- [Work to complete]: What's needed is an exact copy of all the data below, without pictures.

- [Excerpted records]:
• • • •

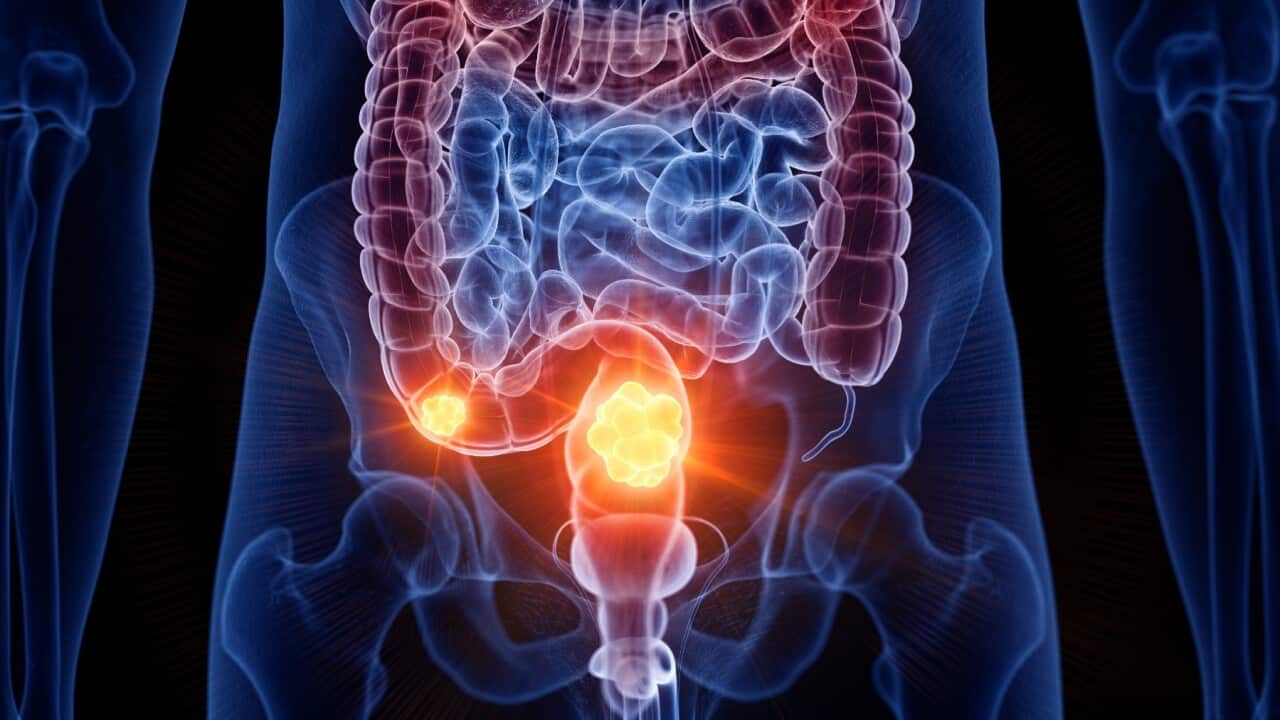 Bowel cancer awareness month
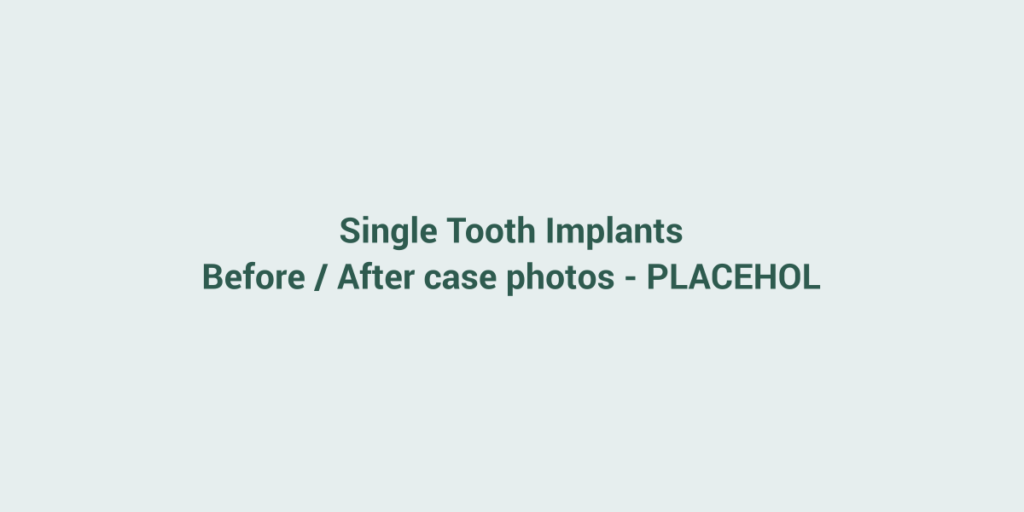 Placeholder for before and after case photos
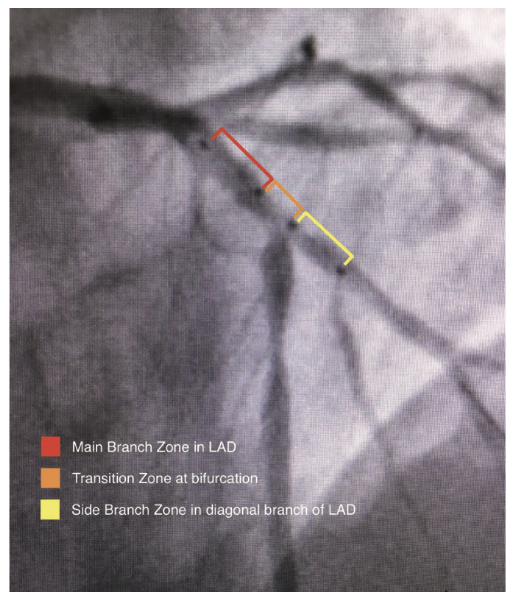 Byers Corindus Figure 5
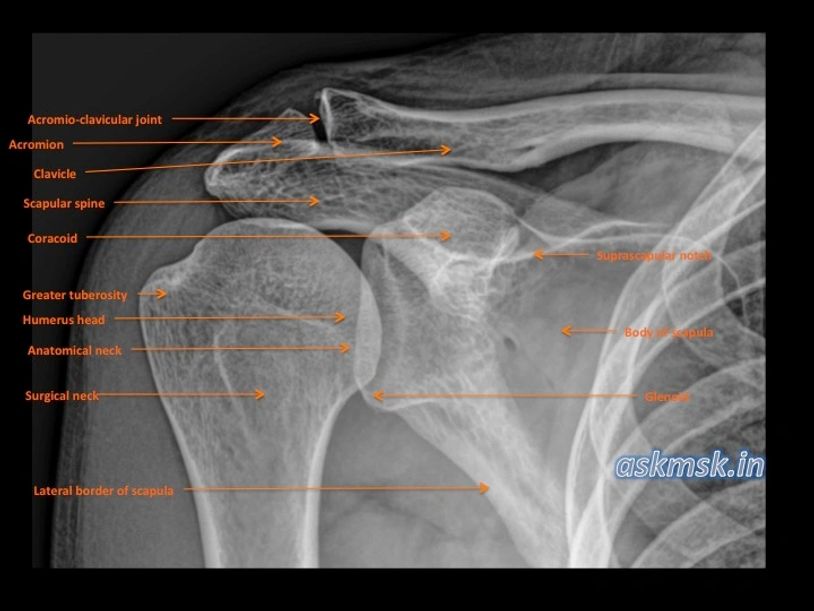 Shoulder Xray anatomy labelled. Humerus glenoid calvicle acromion coracoid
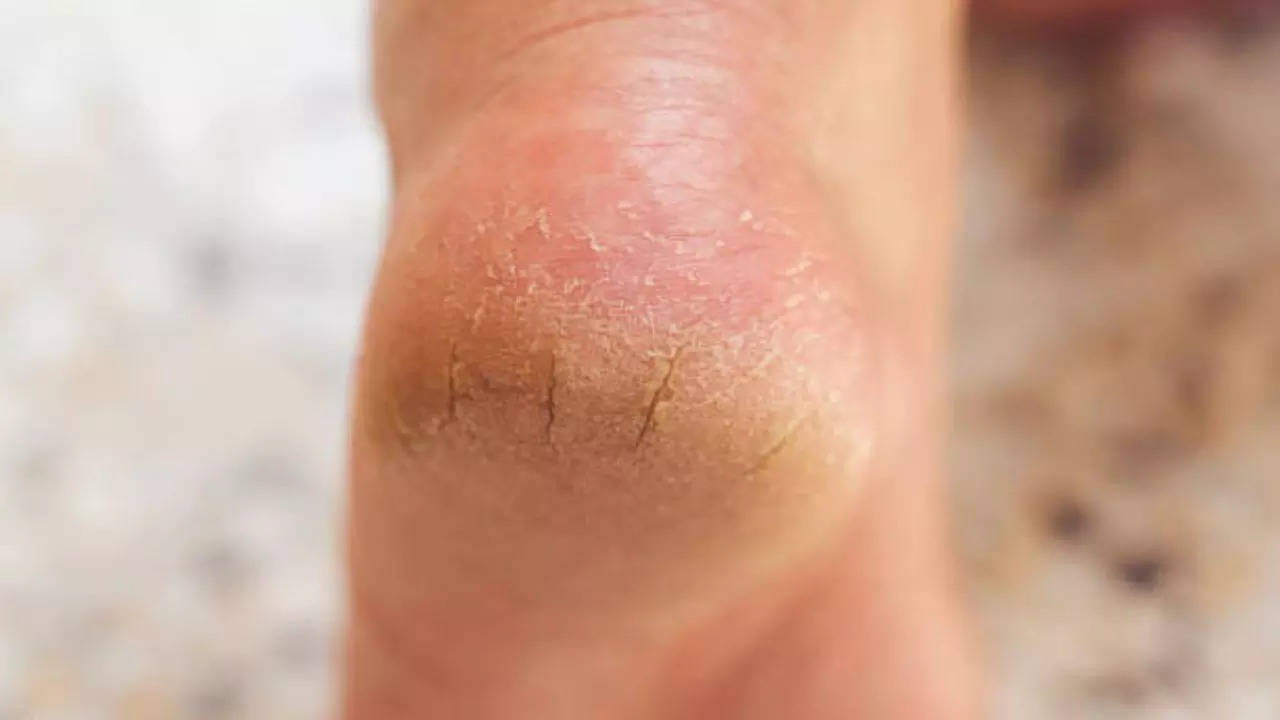 home remedies to get rid of cracked heels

• • • •

- [Answer area]:
 Bowel cancer awareness month
 Placeholder for before and after case photos
 Byers Corindus Figure 5
 Shoulder Xray anatomy labelled. Humerus glenoid calvicle acromion coracoid
 home remedies to get rid of cracked heels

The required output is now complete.